Drew Gill
- Birth name: Andrew Davidson Gill
- Date of birth: 30 August 1949 (age 75)

Rugby union career
- Position(s): Wing

Amateur team(s)
- Years: Team / Apps / (Points)
- Gala /  / ()

Provincial / State sides
- Years: Team / Apps / (Points)
- South of Scotland /  / ()
- -: Scotland Possibles /  / ()

International career
- Years: Team / Apps / (Points)
- 1972: Scotland 'B' / 1 / (0)
- 1973-74: Scotland / 5 / (8)

= Drew Gill =

Scotland international rugby union player

Drew Gill (born 30 August 1949) is a former Scotland international rugby union player.

==Rugby Union career==

===Amateur career===

He played for Gala.

He was part of the Gala side that won the Border League in 1967, the first Gala side to do so since 1921.

He was part of the Gala 7s side that won the Gala Sevens in 1969 beating Loughborough Colleges in the final; and in 1970, beating Llanelli in the final.

The Gala 7s side of Ken Oliver, Peter Brown, Johnny Brown, Dunc Paterson, Arthur Brown, John Frame and Drew Gill were a notable side.

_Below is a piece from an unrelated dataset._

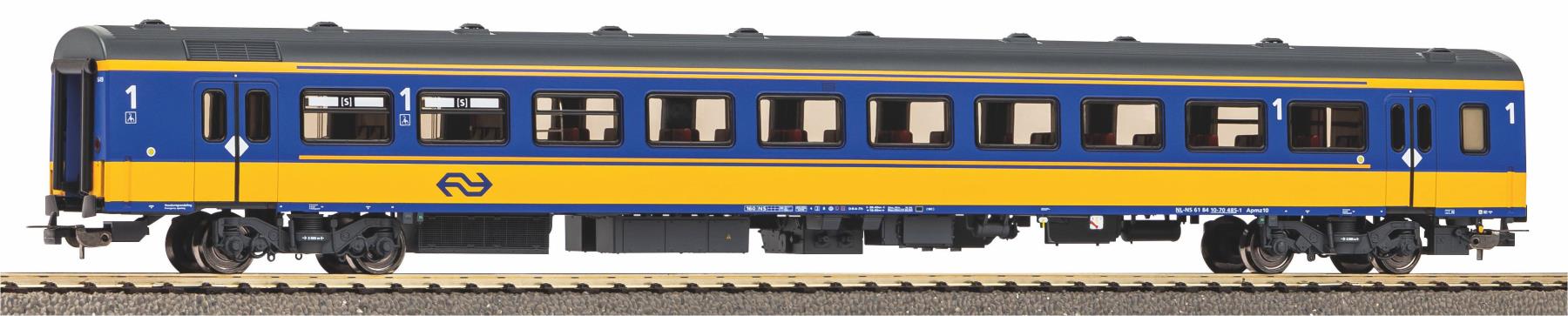 Piko 97648 Personenwagen ICR 1. Klasse NS VI 1:87 Spur H0 DC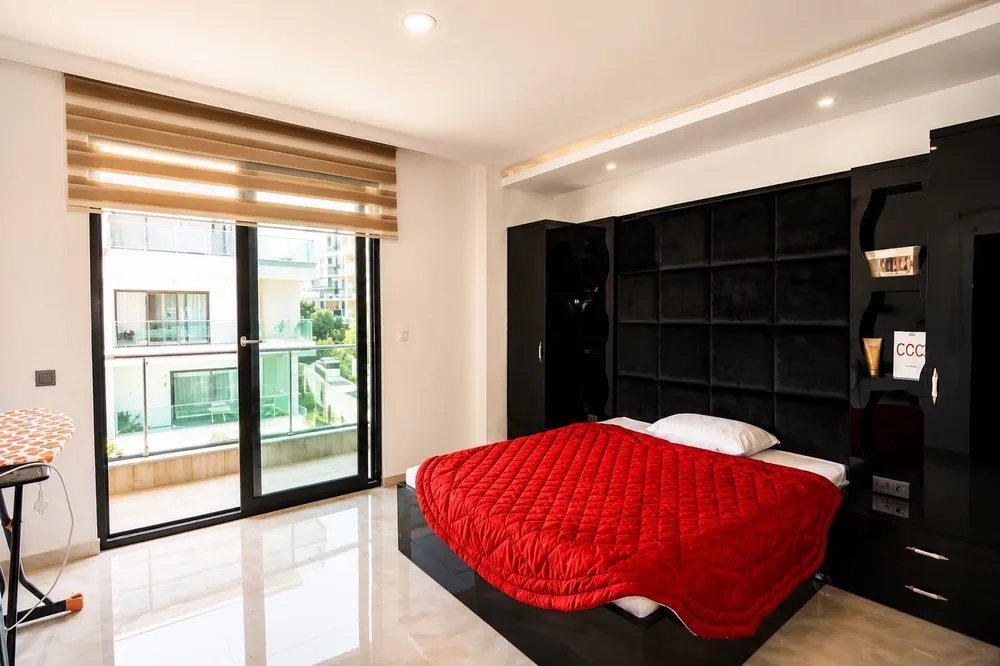 Квартира премиум-класса на первой линии моря в Via Loft Residence, Аланья Interior - 13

Nicknamed the magnificent seven the Gala 7s won 16 Sevens tournaments between 1970 and 1972.

===Provincial career===

He played for South of Scotland District.

He played for Scotland Possibles in 1975.

===International career===

He was capped by Scotland 'B' against France 'B' in 1972.

His first full senior cap was against a Presidents XV to mark the SRU's centenary year in 1973. He played for Scotland a further four times, in the 1974 Five Nations Championship.